Standard Glass Lining Technology IPO Analysis 2025: Should You Subscribe?
Get a detailed overview of Standard Glass Lining Technology IPO, including GMP, Subscription Status, Financial Analysis, Risk Factors and Expert Verdict.
Standard Glass Lining Technology Ltd (SGLTL) launched its initial public offering (IPO) on January 06, 2025, with bidding set to close on January 08, 2025. The IPO, carrying a grey market premium (GMP) of 69%, received a solid response on the first day.
However, investors should get a clear understanding of both potential rewards and risks before subscribing. This IPO analysis provides a comprehensive review to help make an informed decision.
Standard Glass Lining Technology IPO Details
- Issue Details: Mainstream
- Issue Size: Rs 410.05 crore
- Fresh Issue: Rs 210 crore
- OFS: Rs 200.05 crore
- Price Band: Rs 133 – Rs 140
- Lot size: 107 shares
- Listing Date: January 13, 2025
Standard Glass Lining Technology IPO Subscription Status
The SGLTL IPO kicked off with a strong response, recording an overall subscription of 13.55 times as of 5 p.m. on the opening day. Non-institutional investors led the surge, oversubscribing their allotted shares by an impressive 26.12 times. Retail investors also showed strong interest with a 14.86 times subscription, while qualified institutional buyers (QIBs) registered a 1.8 times subscription rate.
Overview of Standard Glass Lining Technology Ltd
SGLTL is one of India’s top five specialized engineering equipment manufacturers for the pharmaceutical and chemical sectors, offering in-house capabilities across the entire value chain. Its portfolio includes key equipment for manufacturing pharmaceutical and chemical products, categorized into Reaction Systems, Storage, Separation, and Drying Systems (SSD Systems), and Plant, Engineering, and Services, including ancillary components.
SGLTL operates 8 manufacturing facilities in Hyderabad, Telangana, spanning over 400,000 sq. ft., contributing to 40% of India's total bulk drug production. With a monthly production capacity of 150-200 glass-lined vessels, it ranks among India’s top three glass-lined equipment manufacturers by revenue in FY24.

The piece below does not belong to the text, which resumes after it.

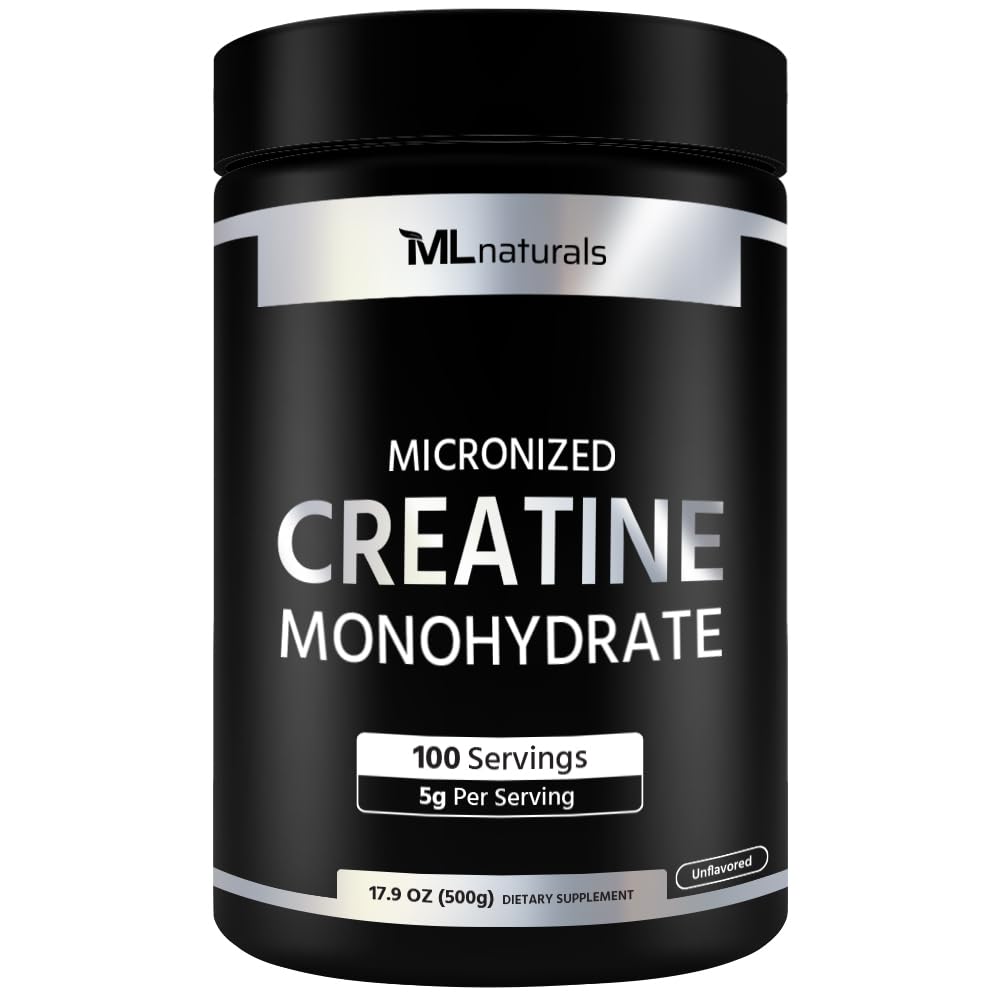 ML Naturals Créatine monohydrate 200 mesh en poudre, dissolution rapide dans les boissons.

Standard Glass Lining Technology Key Strengths
- Remarkable Growth Trajectory: SGLTL has demonstrated exceptional financial growth, achieving compounded annual growth rates (CAGRs) of 50% in operational revenue, 55% in EBITDA, and 54% in net profit between FY22 and FY24.
- Industry-Leading Profitability Margins: SGLTL leads the industry with superior profitability metrics, reporting an EBITDA margin of 18.3% and a PAT margin of 10.92% in FY24.

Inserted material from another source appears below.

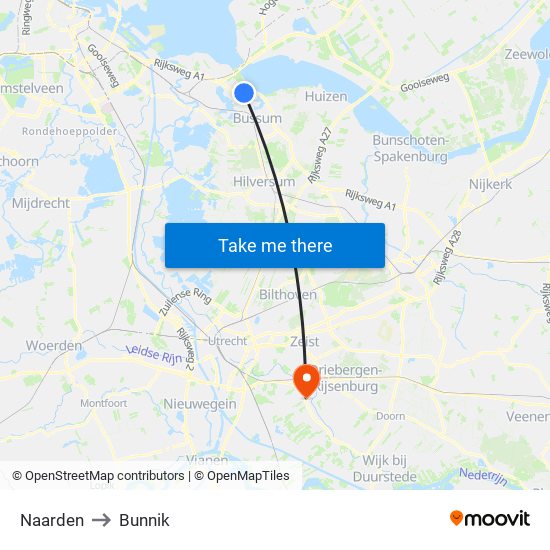 Naarden to Bunnik map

- Impressive Return Ratios: SGLTL boasts robust return ratios, including a Return on Equity of 20.74%, a Return on Capital Employed of 25.49%, and a Return on Assets of 11.85%, outperforming its listed peers.

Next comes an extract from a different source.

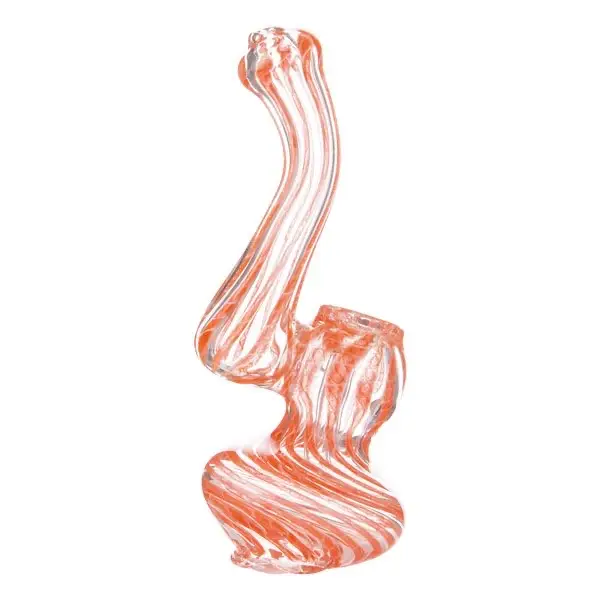Hand blown Self standing glass bubbler Sherlock pipe 13cm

- Diversified Customer Base: SGLTL serves ~347 customers, including 30 of approximately 80 pharmaceutical and chemical companies listed in the NSE 500 index as of June 30, 2024. Key clients include Aurobindo Pharma, Cadila Pharmaceuticals, Laurus Labs, Granules India, Natco Pharma, and Piramal Pharma, among others.
- Strong Client Relationships: SGLTL maintains long-term relationships with its marquee clients, including partnerships exceeding three years with 13 of its top 20 customers. Additionally, more than 80% of its top 20 customers placed repeat orders in each of the last three fiscal years and H1FY25.
Standard Glass Lining Technology Risk Factors
- Client Concentration: SGLTL faces a high level of client concentration risk, with a significant portion of its revenue reliant on a few key clients. As of September 30, 2024, the top ten customers accounted for 51% of total revenue.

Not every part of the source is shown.